Oohhhbetty · 29/03/2021 21:01

@KillingEvenings that is so far from true. If could be bothered I would scroll through old posts and find the hundreds of examples. People have also said it to me in ‘real life’ - friends, family, even a grandparent down the road. Clearly you are too savvy to believe the marketing hype but some people really aren’t, especially first time buyers of fee paying education.

PresentingPercy · 30/03/2021 00:04

Having worked for a LA and been responsible for trying to find state pupils new schools after they had been permanently excluded, I can assure some of you posting you wouldn’t have wanted your DC to be on the receiving end of their violence either! Believe me.

That wasn’t a reason why we swerved state schools and I’m more than aware such behaviour wasn’t common but most private school parents choose private for the breadth of education and many because it’s what they know.
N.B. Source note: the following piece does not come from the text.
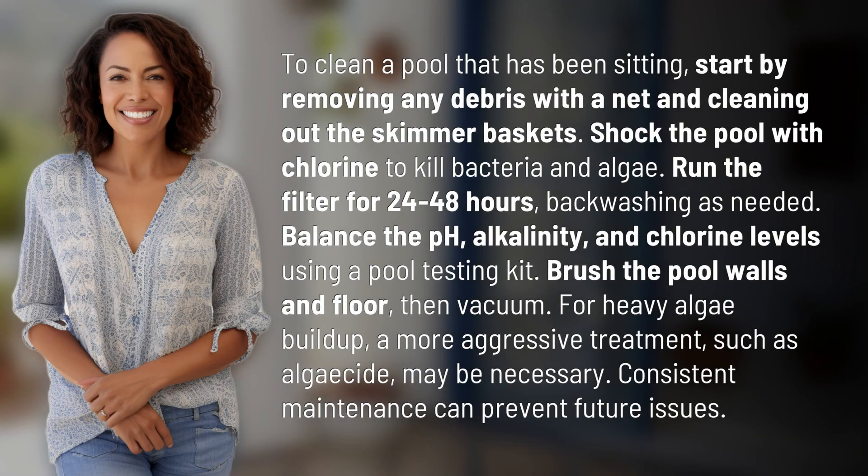To clean a pool that has been sitting, start by removing any debris with a net and cleaning out the skimmer baskets. Shock the pool with chlorine to kill bacteria and algae. Run the filter for 24 to 48 hours, backwashing as needed.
First time purchasers need to explain why they want private and will say it’s to avoid other DC. But they are a minority and I think over the years I met one set of parents who thought like this. It isn’t about avoiding other DC for most.
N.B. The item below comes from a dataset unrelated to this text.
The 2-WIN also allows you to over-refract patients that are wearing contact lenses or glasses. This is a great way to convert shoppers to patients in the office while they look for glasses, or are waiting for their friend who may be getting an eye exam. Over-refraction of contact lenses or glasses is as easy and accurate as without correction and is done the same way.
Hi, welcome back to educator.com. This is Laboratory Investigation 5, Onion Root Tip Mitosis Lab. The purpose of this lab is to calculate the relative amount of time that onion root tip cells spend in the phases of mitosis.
My DDs were primary state educated. I have no issue with state schools or the DC in them.

PresentingPercy · 30/03/2021 00:08

You will never ever hear parents who come from generations of privately educated family members saying they pay because they wish to avoid other DC. In their worlds, they don’t meet them and DC in state schools are simply not on their radar. The granny of a first time buyer is totally different!

AuntieStella · 30/03/2021 08:33

But when it boils down to it it, that's all we have here isn't ?

Yes and no - this specific complaint began with one person who went to the press rather than the school. Whose response seems to have been rapid, extensive and appropriate. We do not what it would have been like if reported to the school in the first instance.

What else we have is the thousands of accounts on EI. Of which the founder stated in the BBC that the initial apparently higher incidence towards private schools is a relic of how the site started and who heard about it first. Now that everyone's head of it, it's clear that both sectors, and also universities, have just as grave a problem

shallIswim · 30/03/2021 08:35

@AuntieStella

But when it boils down to it it, that's all we have here isn't ?

Yes and no - this specific complaint began with one person who went to the press rather than the school. Whose response seems to have been rapid, extensive and appropriate. We do not what it would have been like if reported to the school in the first instance.

What else we have is the thousands of accounts on EI. Of which the founder stated in the BBC that the initial apparently higher incidence towards private schools is a relic of how the site started and who heard about it first. Now that everyone's head of it, it's clear that both sectors, and also universities, have just as grave a problem

That was my point really, in case anyone jumped up and said 'yes but that's just your personal story, not evidence'. This is all about anecdote and there are so many from so many different sources that we cannot ignore it.